Monday, February 17, 2014

Happy birthday, Sara!

I wanted to say a happy birthday to my friend, Sara today! I miss her a lot! Hanging out in Paducah today for a bit before work. Still have been looking at different jobs and so far nothing has really popped up. I have also realized the older I get, the more I have less time for bull crap. I think I am finally to the point where I actually see people for who they really are now. Either that or I have just became a jerk in my old age. Don't know anymore sometimes. Try to be sweet and people just push me over anyway. I realize that life is gonna give me a pile of crap some days and one of friends once said, "If life gives you crap, use it for fertilizer". So I guess that is what I am about to do with the difficult and annoying days in my life.

Tuesday, February 11, 2014

Belly dance pics!

So I got to re-do my belly dance photos! I am so excited to see how the others turned out! The photographer I have been working with is super talented. I totally recommend going to her if you ever want your pictures done. She also did the pictures of my and my sis. I get to see the rest on Friday! :)

Saturday, February 8, 2014

Nose piercing

So, Wednesday I got my nose pierced. I am so glad it wasn't painful and it will be my final piercing since my conch didn't really work out. Haven't really been up to much. I am going to try to go to a concert soon with one of my friends. Can't wait! Also, Monday is pay day! :) I need to do my exercises today. I didn't really do them for two days and am afraid I will be really super sore afterward. Oh well, I guess I will see. I have been having severe back pain and will go to see the chiropractor this week. Maybe it is just because I haven't been in such a while that it is hurting. I dunno.

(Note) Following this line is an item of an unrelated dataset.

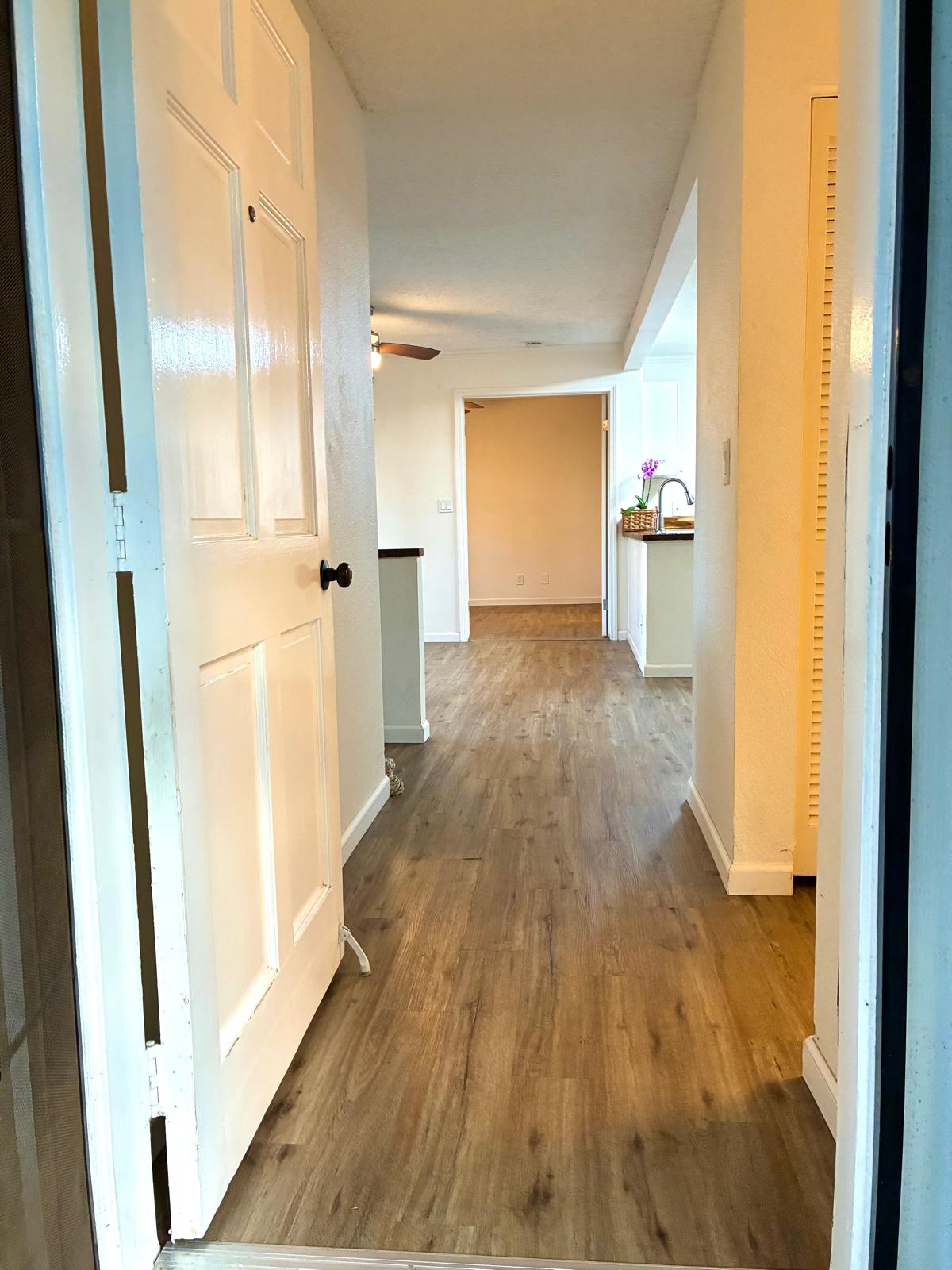 68-3883 Lua Kula Street, Unit 2102 Waikoloa, HI 96738 - Photo 13 of 21 a view of a hallway with wooden floor and furniture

Wednesday, February 5, 2014

Anger solves nothing.

Trying to learn that I need to just forgive people instead of letting their mistakes anger me. So many people I have trusted or thought I could trust, have really hurt me recently. I have been in situations today that have really frustrated me and almost made me lose my temper. Being angry solves nothing. I have such a short time to deal with disappointments and pain. Not saying I will never be disappointed or hurt because I know I will be. I just have to trust my friends and family to help me through it. So starting today, I am starting a new look on life. Today, I really do forgive those that have hurt me or angered me. I am looking past those problems and pain. I know that once I forget it, I will feel better.